◆ Exercise ◆
Lines holding the string "Mark" in the listing below are to be copied.

◆ Data listing ◆
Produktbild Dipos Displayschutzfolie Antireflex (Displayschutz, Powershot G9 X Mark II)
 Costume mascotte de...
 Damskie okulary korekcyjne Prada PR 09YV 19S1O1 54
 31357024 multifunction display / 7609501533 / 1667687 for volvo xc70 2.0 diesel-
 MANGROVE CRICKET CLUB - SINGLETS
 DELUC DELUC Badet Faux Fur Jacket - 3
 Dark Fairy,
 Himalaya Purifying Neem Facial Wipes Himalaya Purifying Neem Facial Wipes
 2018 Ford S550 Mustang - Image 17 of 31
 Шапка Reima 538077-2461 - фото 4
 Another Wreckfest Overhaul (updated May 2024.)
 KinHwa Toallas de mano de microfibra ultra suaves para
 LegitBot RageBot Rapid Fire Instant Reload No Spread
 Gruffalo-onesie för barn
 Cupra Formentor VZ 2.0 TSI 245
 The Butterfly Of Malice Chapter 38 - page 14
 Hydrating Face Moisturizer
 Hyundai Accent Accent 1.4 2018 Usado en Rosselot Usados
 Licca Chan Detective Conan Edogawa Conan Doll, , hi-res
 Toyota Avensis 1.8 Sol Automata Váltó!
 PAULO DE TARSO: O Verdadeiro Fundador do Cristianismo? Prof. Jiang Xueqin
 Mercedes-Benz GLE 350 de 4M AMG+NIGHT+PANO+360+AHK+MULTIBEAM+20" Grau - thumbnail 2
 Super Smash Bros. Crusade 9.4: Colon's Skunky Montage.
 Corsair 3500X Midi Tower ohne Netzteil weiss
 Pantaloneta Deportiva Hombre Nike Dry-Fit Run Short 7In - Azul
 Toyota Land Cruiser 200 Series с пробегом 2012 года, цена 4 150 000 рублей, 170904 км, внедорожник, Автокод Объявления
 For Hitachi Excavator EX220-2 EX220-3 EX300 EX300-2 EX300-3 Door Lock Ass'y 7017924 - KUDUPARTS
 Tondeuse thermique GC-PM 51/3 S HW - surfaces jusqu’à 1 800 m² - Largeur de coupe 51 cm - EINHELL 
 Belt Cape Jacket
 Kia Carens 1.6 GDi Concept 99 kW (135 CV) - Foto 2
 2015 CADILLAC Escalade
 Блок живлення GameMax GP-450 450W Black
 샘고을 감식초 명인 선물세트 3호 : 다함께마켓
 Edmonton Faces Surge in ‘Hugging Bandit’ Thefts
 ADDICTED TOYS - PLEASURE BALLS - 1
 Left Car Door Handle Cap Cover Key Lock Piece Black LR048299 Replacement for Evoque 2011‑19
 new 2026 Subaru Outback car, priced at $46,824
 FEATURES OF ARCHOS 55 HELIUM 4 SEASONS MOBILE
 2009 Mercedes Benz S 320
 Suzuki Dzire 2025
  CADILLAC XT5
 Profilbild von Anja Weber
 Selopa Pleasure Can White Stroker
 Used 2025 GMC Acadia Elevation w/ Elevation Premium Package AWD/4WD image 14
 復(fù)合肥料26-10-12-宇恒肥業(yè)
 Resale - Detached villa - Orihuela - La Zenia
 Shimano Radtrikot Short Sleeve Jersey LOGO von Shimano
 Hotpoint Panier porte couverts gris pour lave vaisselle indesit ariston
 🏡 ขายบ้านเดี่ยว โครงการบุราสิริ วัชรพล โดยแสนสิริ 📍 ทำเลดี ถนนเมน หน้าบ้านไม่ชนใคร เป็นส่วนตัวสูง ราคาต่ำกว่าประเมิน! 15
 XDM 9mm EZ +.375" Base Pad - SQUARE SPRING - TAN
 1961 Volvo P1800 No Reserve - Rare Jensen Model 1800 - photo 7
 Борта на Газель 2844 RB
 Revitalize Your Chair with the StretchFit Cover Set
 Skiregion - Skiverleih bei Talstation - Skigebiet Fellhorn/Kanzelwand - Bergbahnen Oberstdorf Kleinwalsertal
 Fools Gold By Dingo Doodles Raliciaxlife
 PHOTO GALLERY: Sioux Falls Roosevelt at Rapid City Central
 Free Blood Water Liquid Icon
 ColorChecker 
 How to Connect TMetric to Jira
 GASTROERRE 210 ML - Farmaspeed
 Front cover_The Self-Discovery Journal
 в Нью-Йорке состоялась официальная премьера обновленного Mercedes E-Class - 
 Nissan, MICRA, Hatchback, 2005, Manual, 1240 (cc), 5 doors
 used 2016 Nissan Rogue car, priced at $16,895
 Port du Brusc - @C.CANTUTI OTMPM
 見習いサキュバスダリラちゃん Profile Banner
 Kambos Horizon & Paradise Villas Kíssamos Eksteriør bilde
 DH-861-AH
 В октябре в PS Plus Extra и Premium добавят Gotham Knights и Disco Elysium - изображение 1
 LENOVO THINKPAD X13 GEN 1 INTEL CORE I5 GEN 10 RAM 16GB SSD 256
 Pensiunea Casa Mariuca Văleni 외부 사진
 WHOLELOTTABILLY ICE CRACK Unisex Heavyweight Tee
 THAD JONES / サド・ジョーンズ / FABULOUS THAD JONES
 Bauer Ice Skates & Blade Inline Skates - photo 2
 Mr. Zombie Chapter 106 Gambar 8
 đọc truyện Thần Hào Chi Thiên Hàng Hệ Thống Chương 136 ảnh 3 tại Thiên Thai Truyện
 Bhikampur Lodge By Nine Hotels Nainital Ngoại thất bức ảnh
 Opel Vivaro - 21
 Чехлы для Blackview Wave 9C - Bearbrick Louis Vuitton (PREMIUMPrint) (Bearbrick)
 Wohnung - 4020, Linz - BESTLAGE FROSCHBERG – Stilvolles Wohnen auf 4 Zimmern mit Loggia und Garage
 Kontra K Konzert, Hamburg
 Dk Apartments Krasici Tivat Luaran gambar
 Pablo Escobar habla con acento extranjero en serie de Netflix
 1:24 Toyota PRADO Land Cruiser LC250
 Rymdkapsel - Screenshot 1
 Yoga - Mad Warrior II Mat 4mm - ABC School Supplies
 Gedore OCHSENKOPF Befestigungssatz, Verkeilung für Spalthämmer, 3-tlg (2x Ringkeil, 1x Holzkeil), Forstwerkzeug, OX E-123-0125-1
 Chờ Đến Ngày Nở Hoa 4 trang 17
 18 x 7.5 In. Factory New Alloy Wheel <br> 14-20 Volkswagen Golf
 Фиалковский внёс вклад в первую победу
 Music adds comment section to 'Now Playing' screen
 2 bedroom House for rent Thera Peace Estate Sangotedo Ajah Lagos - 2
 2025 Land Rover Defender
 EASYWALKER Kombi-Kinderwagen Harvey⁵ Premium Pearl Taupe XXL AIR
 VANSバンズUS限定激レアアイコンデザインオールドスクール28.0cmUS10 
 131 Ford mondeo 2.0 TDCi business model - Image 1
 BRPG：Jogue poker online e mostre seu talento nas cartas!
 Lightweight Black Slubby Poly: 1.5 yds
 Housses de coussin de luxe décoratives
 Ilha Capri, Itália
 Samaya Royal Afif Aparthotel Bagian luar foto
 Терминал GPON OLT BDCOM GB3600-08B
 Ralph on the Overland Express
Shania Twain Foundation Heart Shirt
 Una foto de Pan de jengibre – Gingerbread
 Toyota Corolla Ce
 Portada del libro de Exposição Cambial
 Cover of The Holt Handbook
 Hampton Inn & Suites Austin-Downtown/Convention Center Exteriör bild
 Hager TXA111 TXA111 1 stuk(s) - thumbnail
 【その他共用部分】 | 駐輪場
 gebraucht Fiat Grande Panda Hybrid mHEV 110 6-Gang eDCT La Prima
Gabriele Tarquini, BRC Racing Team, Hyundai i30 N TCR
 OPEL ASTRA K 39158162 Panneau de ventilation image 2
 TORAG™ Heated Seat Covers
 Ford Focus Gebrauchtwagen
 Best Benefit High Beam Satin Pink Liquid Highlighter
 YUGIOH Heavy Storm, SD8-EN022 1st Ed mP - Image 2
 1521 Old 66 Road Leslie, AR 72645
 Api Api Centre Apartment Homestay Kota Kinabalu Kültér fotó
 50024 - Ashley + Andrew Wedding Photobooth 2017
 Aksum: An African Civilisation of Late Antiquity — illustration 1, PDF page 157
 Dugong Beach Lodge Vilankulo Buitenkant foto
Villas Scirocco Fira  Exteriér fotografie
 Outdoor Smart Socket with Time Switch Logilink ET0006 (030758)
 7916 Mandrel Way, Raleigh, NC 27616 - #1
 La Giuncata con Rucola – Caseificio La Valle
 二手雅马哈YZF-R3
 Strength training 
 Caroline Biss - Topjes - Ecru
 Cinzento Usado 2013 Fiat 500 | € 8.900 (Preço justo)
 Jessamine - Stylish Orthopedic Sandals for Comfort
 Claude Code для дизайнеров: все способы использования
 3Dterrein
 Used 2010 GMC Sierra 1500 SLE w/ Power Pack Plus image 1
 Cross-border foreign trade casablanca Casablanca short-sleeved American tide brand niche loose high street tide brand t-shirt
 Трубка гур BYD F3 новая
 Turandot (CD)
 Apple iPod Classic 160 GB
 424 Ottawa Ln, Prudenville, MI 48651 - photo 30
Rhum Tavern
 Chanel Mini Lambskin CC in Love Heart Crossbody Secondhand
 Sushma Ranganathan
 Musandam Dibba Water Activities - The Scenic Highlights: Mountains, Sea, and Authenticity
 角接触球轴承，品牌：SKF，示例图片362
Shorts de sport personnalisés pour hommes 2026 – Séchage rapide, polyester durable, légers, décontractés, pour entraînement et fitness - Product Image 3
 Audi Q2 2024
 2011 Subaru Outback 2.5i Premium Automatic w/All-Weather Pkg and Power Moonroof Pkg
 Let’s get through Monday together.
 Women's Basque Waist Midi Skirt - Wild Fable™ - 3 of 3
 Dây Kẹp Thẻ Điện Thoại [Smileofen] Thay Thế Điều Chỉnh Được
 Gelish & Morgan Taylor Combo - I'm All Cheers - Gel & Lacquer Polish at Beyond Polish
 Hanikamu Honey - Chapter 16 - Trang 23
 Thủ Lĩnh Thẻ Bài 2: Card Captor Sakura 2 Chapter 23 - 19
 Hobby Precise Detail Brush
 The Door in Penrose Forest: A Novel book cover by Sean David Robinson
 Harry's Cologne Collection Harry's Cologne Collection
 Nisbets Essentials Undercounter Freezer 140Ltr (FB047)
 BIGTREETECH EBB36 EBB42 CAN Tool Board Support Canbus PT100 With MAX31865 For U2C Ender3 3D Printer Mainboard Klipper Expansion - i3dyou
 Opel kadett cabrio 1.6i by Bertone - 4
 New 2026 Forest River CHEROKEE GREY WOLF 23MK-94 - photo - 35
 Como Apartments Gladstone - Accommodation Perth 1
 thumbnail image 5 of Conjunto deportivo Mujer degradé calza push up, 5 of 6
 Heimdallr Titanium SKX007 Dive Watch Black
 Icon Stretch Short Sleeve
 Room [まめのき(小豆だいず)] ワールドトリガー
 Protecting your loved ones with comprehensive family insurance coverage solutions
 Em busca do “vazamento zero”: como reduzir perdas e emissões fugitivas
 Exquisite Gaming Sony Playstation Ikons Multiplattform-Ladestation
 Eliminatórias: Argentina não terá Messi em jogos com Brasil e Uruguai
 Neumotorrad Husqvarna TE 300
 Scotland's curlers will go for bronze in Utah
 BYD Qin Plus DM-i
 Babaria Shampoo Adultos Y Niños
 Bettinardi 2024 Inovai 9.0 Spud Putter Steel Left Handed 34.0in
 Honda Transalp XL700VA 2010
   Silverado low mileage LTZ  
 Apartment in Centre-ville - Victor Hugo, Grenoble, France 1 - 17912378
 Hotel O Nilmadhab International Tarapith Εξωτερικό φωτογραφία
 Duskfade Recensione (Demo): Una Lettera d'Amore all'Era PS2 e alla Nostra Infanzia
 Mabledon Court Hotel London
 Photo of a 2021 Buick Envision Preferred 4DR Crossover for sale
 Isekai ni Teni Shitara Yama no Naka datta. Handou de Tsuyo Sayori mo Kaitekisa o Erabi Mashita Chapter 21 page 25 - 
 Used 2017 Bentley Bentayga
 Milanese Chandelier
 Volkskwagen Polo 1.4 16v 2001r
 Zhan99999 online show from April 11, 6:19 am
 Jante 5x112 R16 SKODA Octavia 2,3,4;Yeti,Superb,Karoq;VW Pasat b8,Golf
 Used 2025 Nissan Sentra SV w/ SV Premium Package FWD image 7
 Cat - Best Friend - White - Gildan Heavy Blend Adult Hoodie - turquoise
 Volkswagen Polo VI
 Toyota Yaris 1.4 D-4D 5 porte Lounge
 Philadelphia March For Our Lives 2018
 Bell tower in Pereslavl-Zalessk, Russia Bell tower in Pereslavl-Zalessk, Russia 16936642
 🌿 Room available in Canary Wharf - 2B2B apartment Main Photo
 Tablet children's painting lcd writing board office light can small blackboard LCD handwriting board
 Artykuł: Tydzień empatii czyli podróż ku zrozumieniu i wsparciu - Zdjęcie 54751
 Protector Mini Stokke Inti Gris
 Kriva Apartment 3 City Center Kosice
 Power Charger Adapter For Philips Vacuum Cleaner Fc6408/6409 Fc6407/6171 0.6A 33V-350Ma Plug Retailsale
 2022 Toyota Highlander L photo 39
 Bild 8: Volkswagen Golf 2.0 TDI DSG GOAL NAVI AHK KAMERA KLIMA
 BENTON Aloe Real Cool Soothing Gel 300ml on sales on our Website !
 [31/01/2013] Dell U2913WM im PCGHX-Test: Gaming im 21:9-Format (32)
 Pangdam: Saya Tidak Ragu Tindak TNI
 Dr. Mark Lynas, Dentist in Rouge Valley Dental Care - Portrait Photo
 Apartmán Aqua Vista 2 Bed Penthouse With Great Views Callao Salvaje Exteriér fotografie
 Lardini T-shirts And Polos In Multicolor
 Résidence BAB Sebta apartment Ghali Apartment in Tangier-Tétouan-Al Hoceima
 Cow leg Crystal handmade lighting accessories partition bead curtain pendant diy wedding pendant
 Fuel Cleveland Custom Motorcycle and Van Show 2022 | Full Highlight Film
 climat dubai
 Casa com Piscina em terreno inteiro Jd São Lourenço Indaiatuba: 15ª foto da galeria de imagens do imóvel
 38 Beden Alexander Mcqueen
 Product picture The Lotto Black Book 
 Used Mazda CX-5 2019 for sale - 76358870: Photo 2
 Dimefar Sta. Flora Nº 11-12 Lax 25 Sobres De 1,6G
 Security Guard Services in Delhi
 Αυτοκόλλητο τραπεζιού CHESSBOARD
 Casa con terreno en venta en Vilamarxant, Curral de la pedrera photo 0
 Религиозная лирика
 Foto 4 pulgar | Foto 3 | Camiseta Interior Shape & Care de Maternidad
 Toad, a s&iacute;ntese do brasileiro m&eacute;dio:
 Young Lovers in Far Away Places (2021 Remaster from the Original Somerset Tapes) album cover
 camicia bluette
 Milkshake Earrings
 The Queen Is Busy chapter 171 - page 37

◆ Solved exercise ◆
Produktbild Dipos Displayschutzfolie Antireflex (Displayschutz, Powershot G9 X Mark II)
 Dr. Mark Lynas, Dentist in Rouge Valley Dental Care - Portrait Photo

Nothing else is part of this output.